## Raw data
******************************
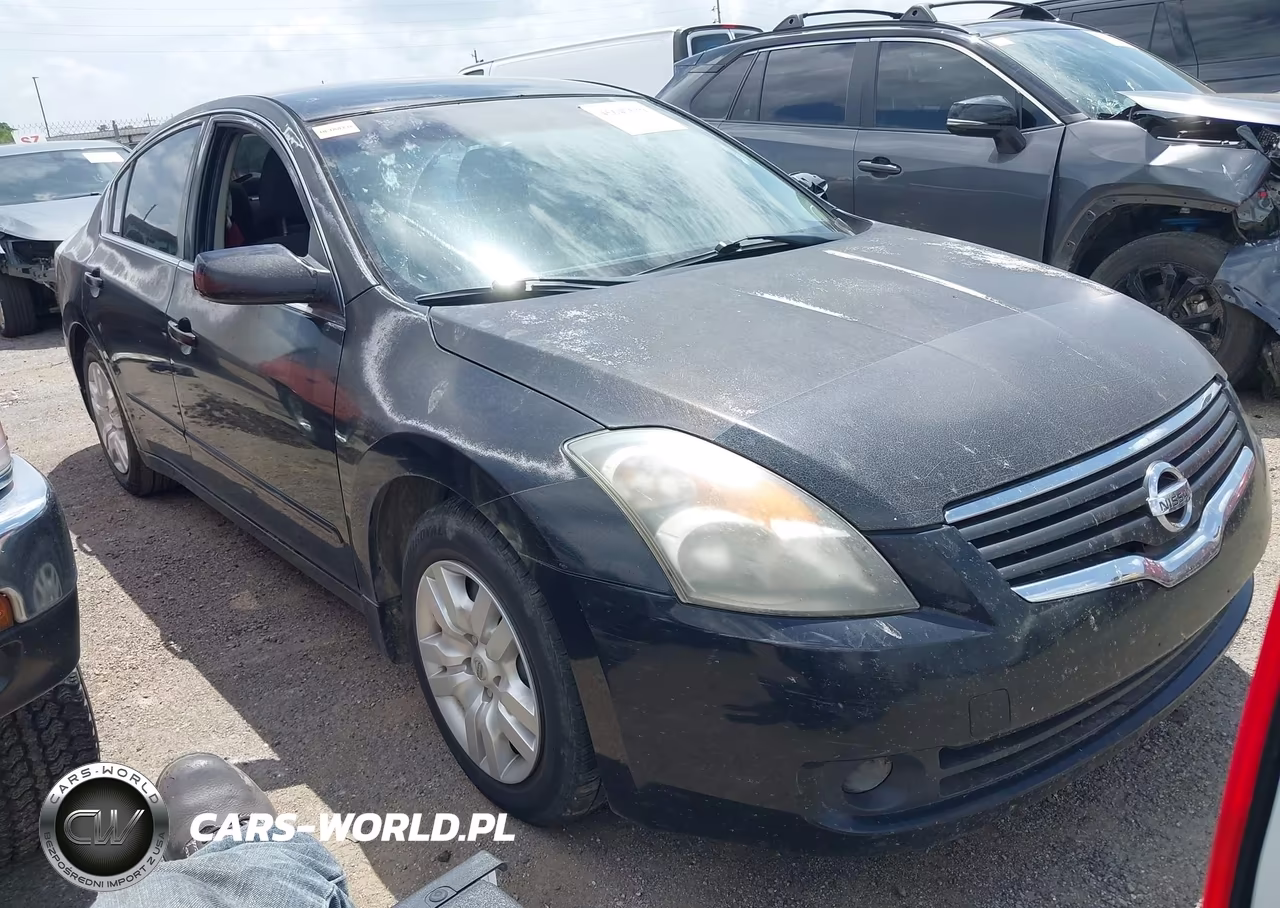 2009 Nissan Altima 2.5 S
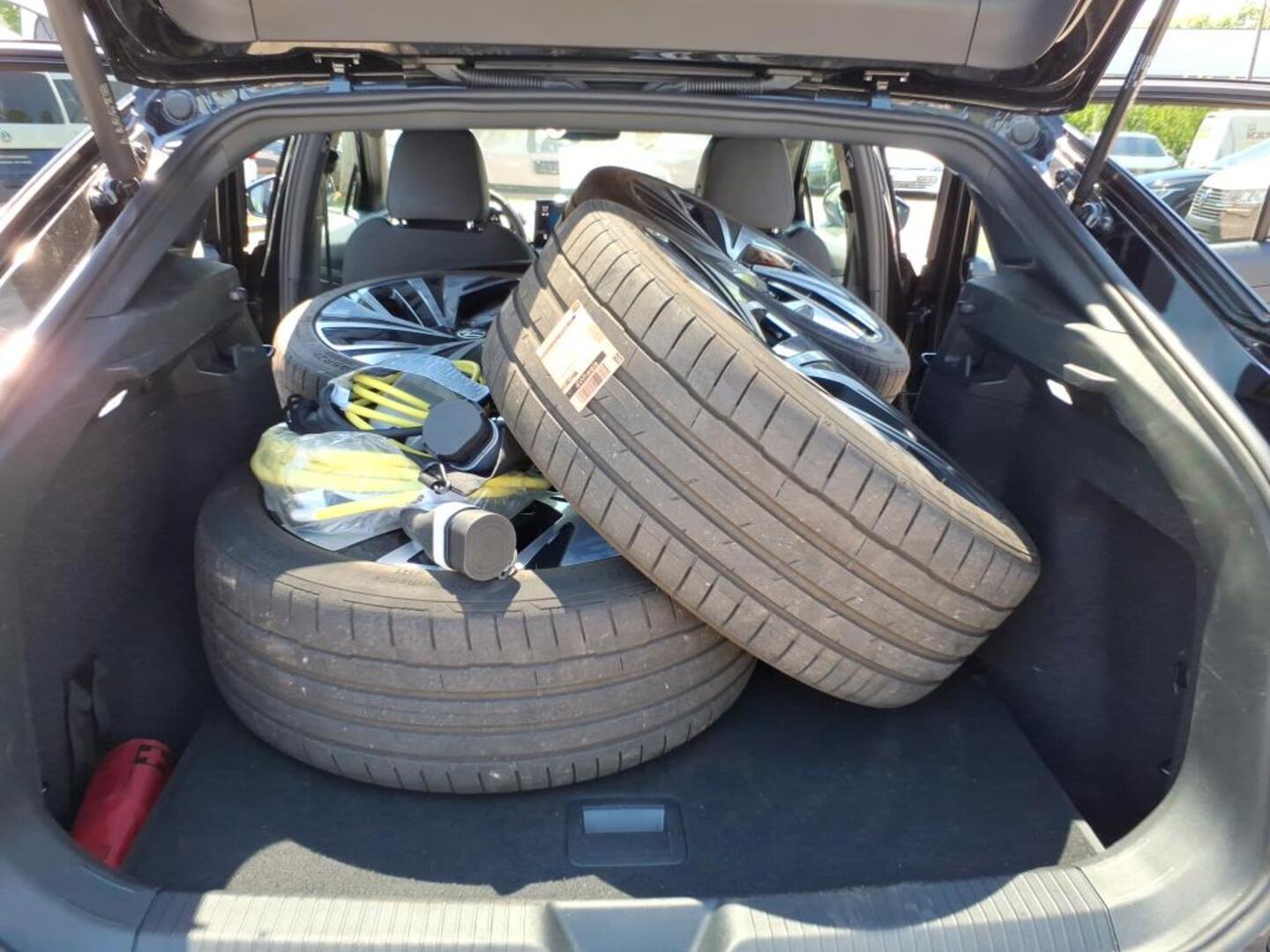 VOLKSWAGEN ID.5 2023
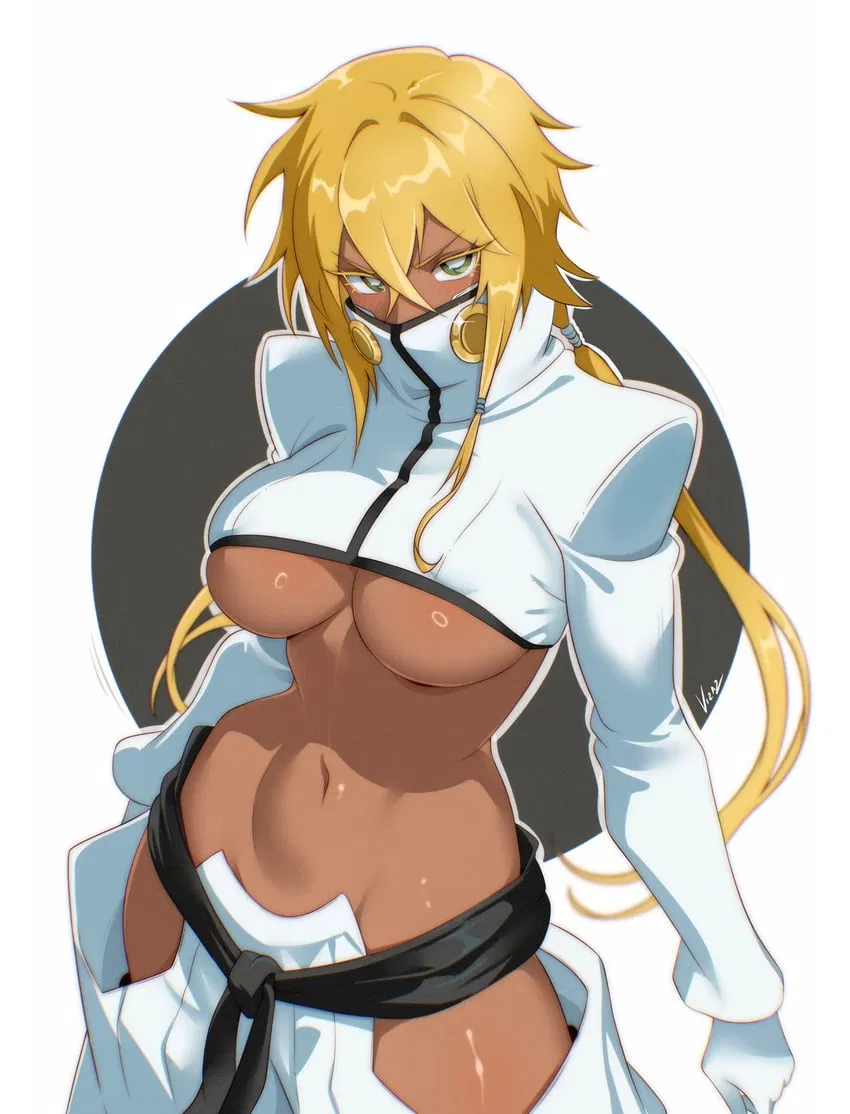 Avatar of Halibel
******************************
## Task requirements
Without including any picture, set down the listing above exactly as it appears.

## Expected answer
 2009 Nissan Altima 2.5 S
 VOLKSWAGEN ID.5 2023
 Avatar of Halibel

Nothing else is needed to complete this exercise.